YKL-40 is involved in inflammation and endothelial dysfunction, and is increased in patients with type 1 diabetes, with an independent association between increasing YKL-40 levels and increasing levels of albuminuria. YKL-40 is associated with atherosclerosis and an increased cardiovascular mortality in the general population. In the present study YKL-40 levels were examined in patients with type 2 diabetes (T2D) with increasing levels of albuminuria, known to be associated with an increased risk of cardiovascular disease.

Materials and methods

One-hundred-five patients with T2D were examined: 49 with normoalbuminuria (N, U-albumin/creatinine < 2.5 mg/mmol), 35 with persistent microalbuminuria (MA, 2.5-25 mg/mmol) and 21 with persistent macroalbuminuria/diabetic nephropathy (DN, > 25 mg/mmol). The control group consisted of 20 healthy individuals (C). Groups were matched according to age, gender and known duration of diabetes.

Results

Median levels (interquartile range) of serum YKL-40 were significantly higher in N and MA vs. C (86 (55-137) ng/ml and 84 (71-147) ng/ml, respectively vs. 41 (33-55) ng/ml, p < 0.01) and even higher in patients with DN (120 (83-220) ng/ml, p < 0.001 for all comparisons). YKL-40 levels correlated with urinary albumin/creatinine-ratio in the total group of participants (r = 0.41, p < 0.001). Significant intercorrelations of YKL-40 were found with age, duration of diabetes, systolic blood pressure, lipid levels, HbA1c and HOMA-IR. After adjustment for significant covariates, albuminuria was significantly associated with YKL-40 levels (r = 0.32, p = 0.006).

Conclusions

YKL-40 levels are elevated in patients with T2D with an independent association between increasing YKL-40 levels and increasing levels of albuminuria. The study suggests a role of YKL-40 in the progressing vascular complications in patients with T2D.

Keywords

Type 2 diabetes biomarker nephropathy

Introduction

Albuminuria is a well-established independent predictor for diabetic nephropathy and is also a strong predictor for cardiovascular morbidity and mortality in both patients with type 1 (T1D) and type 2 diabetes (T2D) [14]. The exact mechanisms between albuminuria and cardiovascular disease are still unclear, but it is suggested that increasing levels of albuminuria reflect vascular damage in the kidneys as part of a systemic endothelial dysfunction, which is the initial step in atherogenesis [5]. Individuals with diabetes have in general a 2- to 4-fold increased risk of subsequent cardiovascular disease (CVD)[6].

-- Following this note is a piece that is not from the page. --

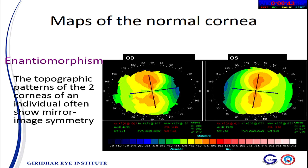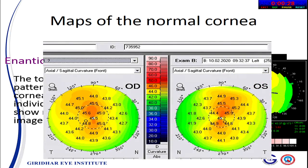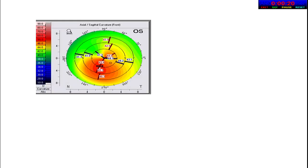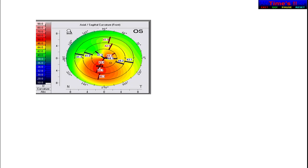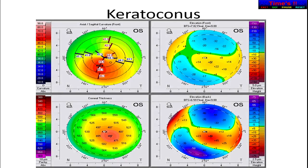Enantiomorphism — a term from biochemistry — means one cornea is a mirror image of the other. Looking at right and left corneas of the same patient, they are mirror images. Enantiomorphism indicates a normal cornea — a very good sign. Can someone describe the findings in this sagittal curvature? Asymmetric bow tie with inferior steepening. The other important feature is skewing of the radial axis. The rest of the picture of the same patient shows posterior elevation and thin cornea — features of keratoconus. The other picture shows a symmetric horizontal bow tie, indicating against-the-rule astigmatism. Looking at the pachymetry map — normal or thicker. With this information — normal surface topography and normal thickness — this is a normal cornea.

YKL-40 is a glycoprotein involved in inflammation and endothelial dysfunction. It is a growth factor for various cell types and has an important role in extracellular matrix remodeling and angiogenesis [7, 8]. In the last few years, several clinical studies have described elevated YKL-40 levels in several cardiovascular conditions, as well as described an association between YKL-40 and mortality. YKL-40 has been found to be associated with all-cause as well as cardiovascular mortality in both patients with stable ischemic heart disease (IHD) [9] and in the general population above 50 years of age without known diabetes or IHD [10]. YKL-40 levels are elevated both in patients with T1D and T2D known to be at high risk for the development of cardiovascular diseases [1012], and in patients with T1D increasing levels of YKL-40 are seen with increasing levels of albuminuria, suggesting that YKL-40 might be able to be used as an early marker of CVD [11].

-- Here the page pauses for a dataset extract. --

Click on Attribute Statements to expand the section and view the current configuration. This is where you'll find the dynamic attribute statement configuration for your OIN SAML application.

The objective of the present study was to evaluate serum YKL-40 in patients with T2D and with increasing levels of albuminuria.

Materials and methods

Study population

One-hundred-five patients with T2D were examined: 49 with normoalbuminuria (N, U-albumin/creatinine < 2.5 mg/mmol), 35 with persistent microalbuminuria (MA, 2.5-25 mg/mmol) and 21 with persistent macroalbuminuria/diabetic nephropathy (DN, > 25 mg/mmol). The control group consisted of 20 healthy individuals (C). Groups were matched according to age, gender and known duration of diabetes.

Measurements

Plasma samples were taken as part of the first routine visit (inclusion) in the morning after an overnight fast and were stored at - 80°C until analysis. Beside routine analyses, analyses of serum YKL-40 were measured using ELISA method (Quidel, USA). Measuring range was 20-300 ng/ml, with intra- and interassay coefficients of variation of 5.8% and 6.0%. Glomerular filtration rate (GFR) was estimated using the 4 variable Modification of Diet in Renal Disease GFR formula (age, gender, race, serum creatinine) http://mdrd.com/. Insulin resistance was estimated using the HOMA model http://www.dtu.ox.ac.uk/homacalculator/index.php. Urinary albumin was measured by immunoturbidimetry on a Cobas Bioanalyzer (Roche Products, Switzerland) from early morning spot urine collections. Lower detection limit was 1 mg/l, coefficients variations < 4.0%. Urinary creatinine was measured by a Jaffé reaction rate, using a kinetic principle to eliminate pseudocreatinines. Urinary albumin excretion was determined as UACR. The degree of albuminuria was confirmed by at least 2 consecutive tests. Diabetic retinopathy was assessed in most patients by fundus photography after pupillary dilatation and graded as nil, simplex or proliferative retinopathy.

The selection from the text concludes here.